We've removed 45 apps from Google Play data sets and a whopping 1014 apps from the Apple Store data set.

# Removing Non-Free apps

We've stated in the beginning that our company only develops apps that are free, so we'll have to remove app data that have prices more than 0.

We'll create a new empty list that will only contain data for free apps. We'll then iterate through entries in our data set and check their prices. We'll only store the entry to our new list if it's price is '0'. 

Beware that our entries are in the format of string, hence in our conditionals, we'll have to check if the price equates to **'**0**'**, NOT 0!

In [15]:
android_final = []
for app in android_clean_english:
    price = app[7]
    if price == '0':     #Beware of zero string!!
        android_final.append(app)
        
ios_final = []

for app in ios_english:
    price = app[4]
    if price == '0.0':
        ios_final.append(app)
        
print(len(android_final))
print(len(ios_final))
        

8864
3222


After the isolation, we're left with 8864 entries in the Google Play data set and 3222 entries in the App Store data set.

## Development Strategy

As we mentioned in the introduction, our aim is to determine the kinds of apps that are likely to attract more users because our revenue is highly influenced by the number of people using our apps.

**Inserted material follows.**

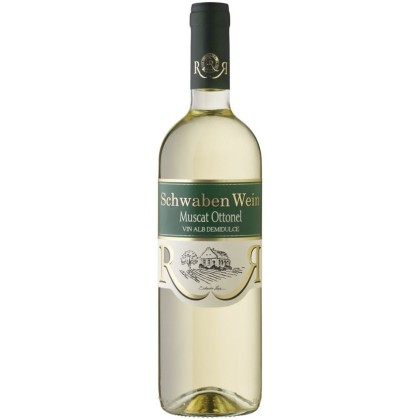 SCHWABEN WEIN MUSCAT DD 0.75L 6/BAX SGR*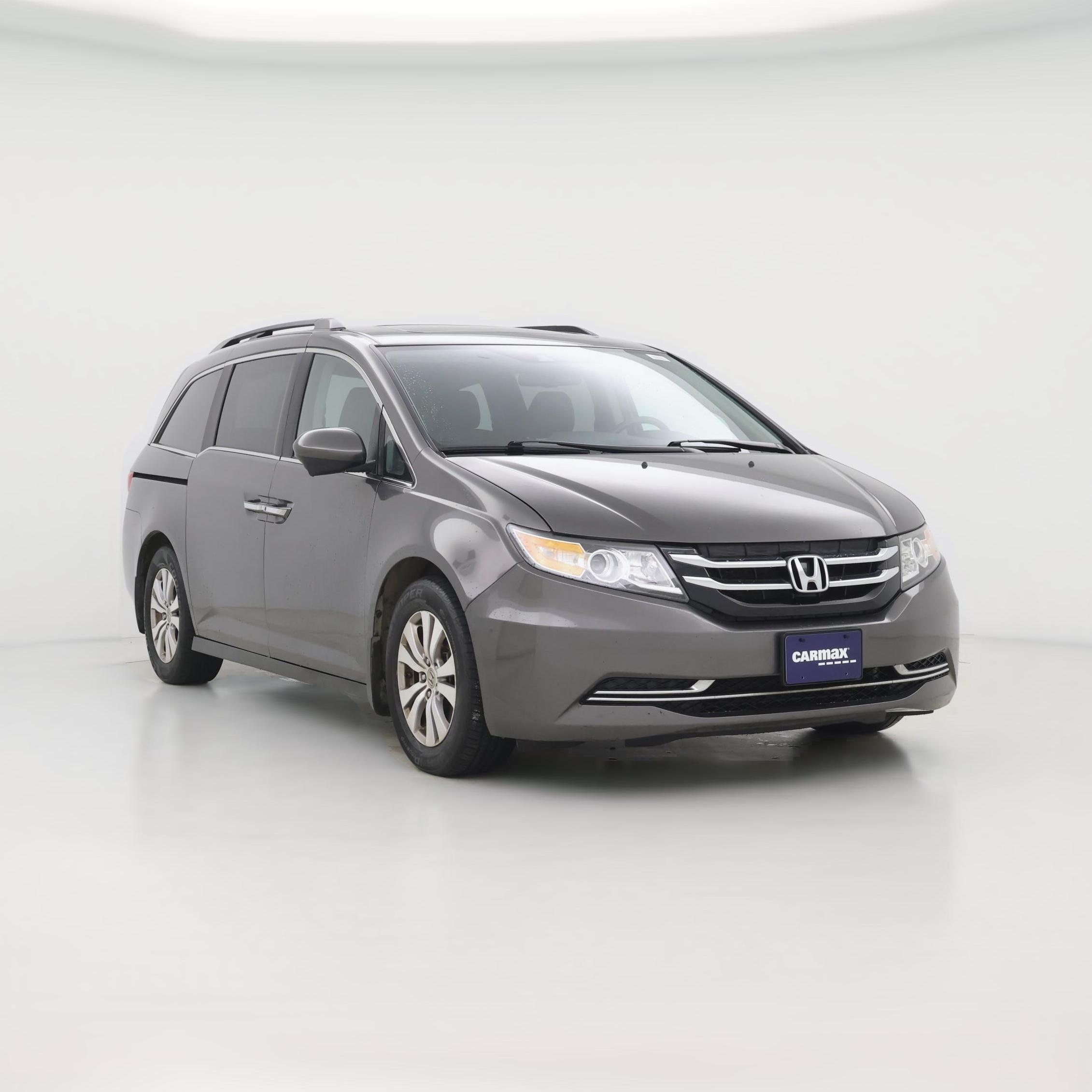 Thumbnail: 2014 Honda Odyssey - 1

To minimize risks and overhead, our validation strategy for an app idea is comprised of three steps:

1. Build a minimal Android version of the app, and add it to Google Play.
2. If the app has a good response from users, we develop it further. If the app is profitable after six months, we build an iOS version of 
3. the app and add it to the App Store.


Because our end goal is to add the app on both Google Play and the App Store, we need to find app profiles that are successful on both markets. For instance, a profile that works well for both markets might be a productivity app that makes use of gamification.

# Analysis

So which columns of the data sets can we use to make analysis and prediction? It seems appropriate to use 'Genres' and 'category' columns from the Google Play data set, and 'prime_genre' column from the App Store data set because these columns divide data sets into definitive categories.

We're now going to create 2 functions. One is to create the frequency table of the data sets as percentage, and the other is to display the table as output.

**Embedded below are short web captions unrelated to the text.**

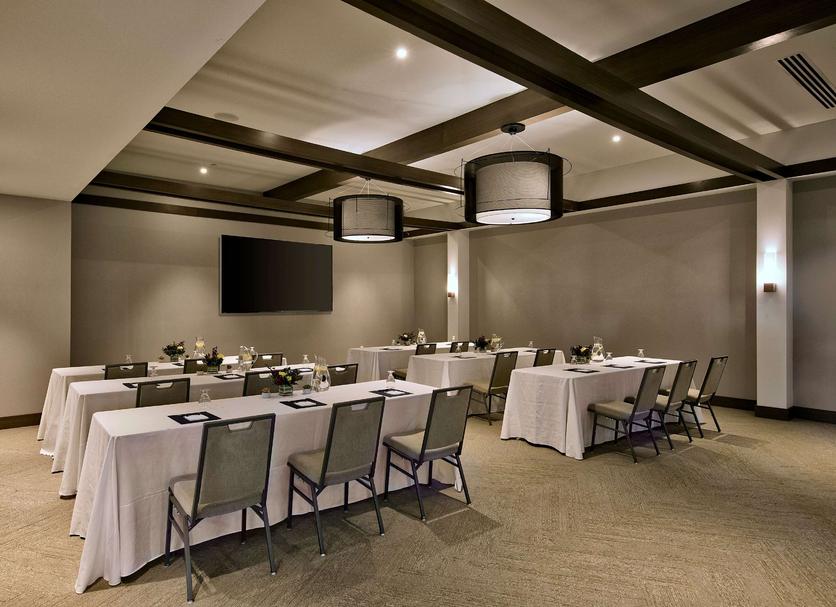 Sala de conferències Foto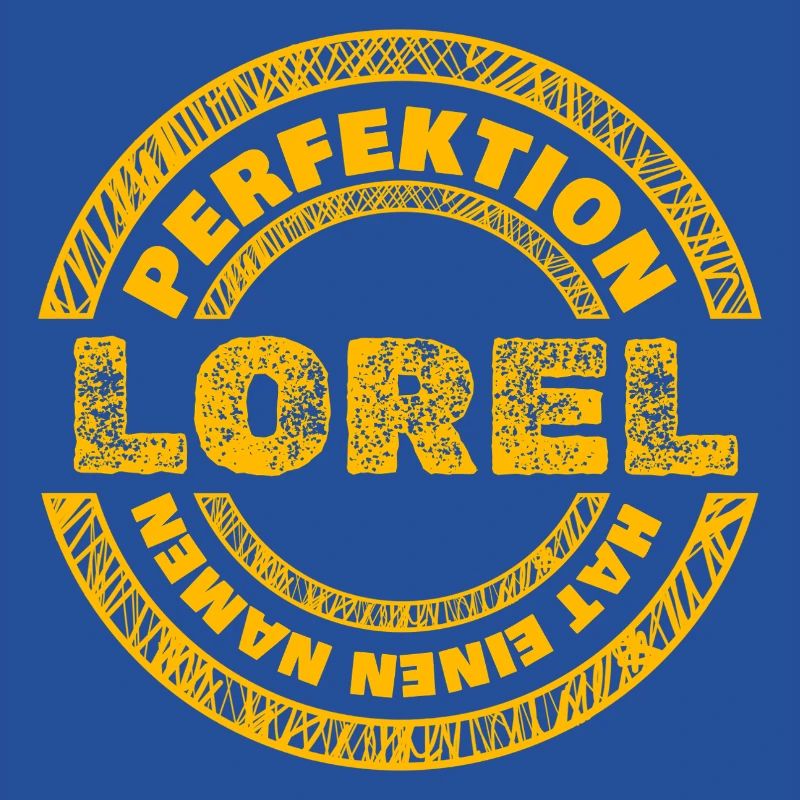 Lorel als Perfekt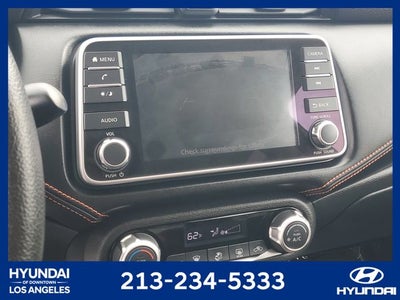 2020 Nissan Versa 1.6 SR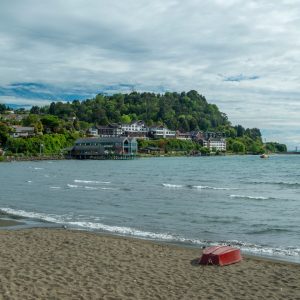 Venta Dpto. con vista al Lago – 2 cuadras playa Puerto Chico – Puerto Varas full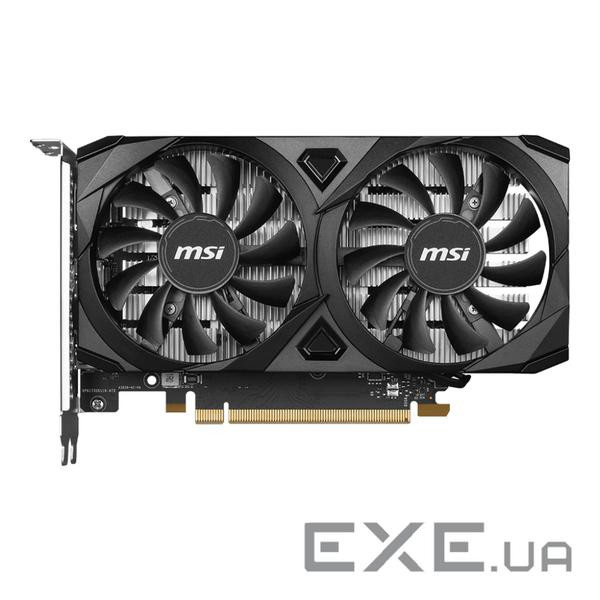 Відеокарта MSI GeForce RTX 3050 Ventus 2X E 6G OC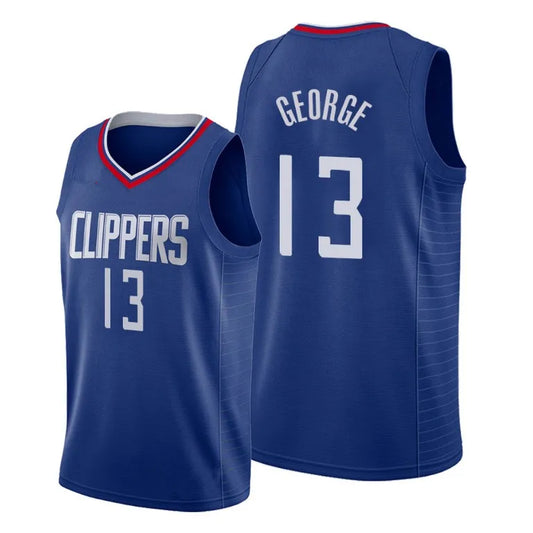 Paul George LA Clippers Jersey - Men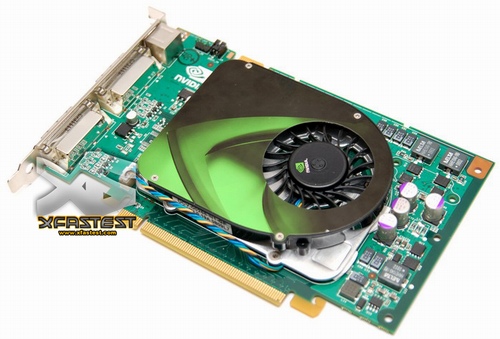 Další rané testy GeForce 9500 GT na světě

For our frequency table generating function that takes the dataset and the column index as parameters, we'll first create 2 variables; one with an empty dictionary which will eventually store the numbers of counts per category, and the other with an integer value 0 which will eventually serve as a counter for total number of entries in the data set.

The function will then iterate through the given data set. For each iteration, the function will increment our total counter by 1, assign the category name to a variable, then either store the given category variable in the dictionary with it's value as 1 if the given category variable has never been entered in the dictionary, or increment the value of the already existing category key in the dictionary by 1; End of iteration 1.

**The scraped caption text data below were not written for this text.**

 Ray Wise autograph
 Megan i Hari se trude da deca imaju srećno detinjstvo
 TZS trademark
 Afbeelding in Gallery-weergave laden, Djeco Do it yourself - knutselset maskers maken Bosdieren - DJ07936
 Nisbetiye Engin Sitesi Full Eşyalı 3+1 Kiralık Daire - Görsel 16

Out of our first iteration, we'll create a new variable containing an empty dictionary that will later store the percentage value for each category.

We now enter another iteration, but through our first dictionary containing the counts for the categories. For each category key in our count table, the function will calculate and store as a variable it's percentage value by dividing the value by the total counter variable and timesing it by 100. The function then adds each information in the dictionary with the category as key and it's percentage as value.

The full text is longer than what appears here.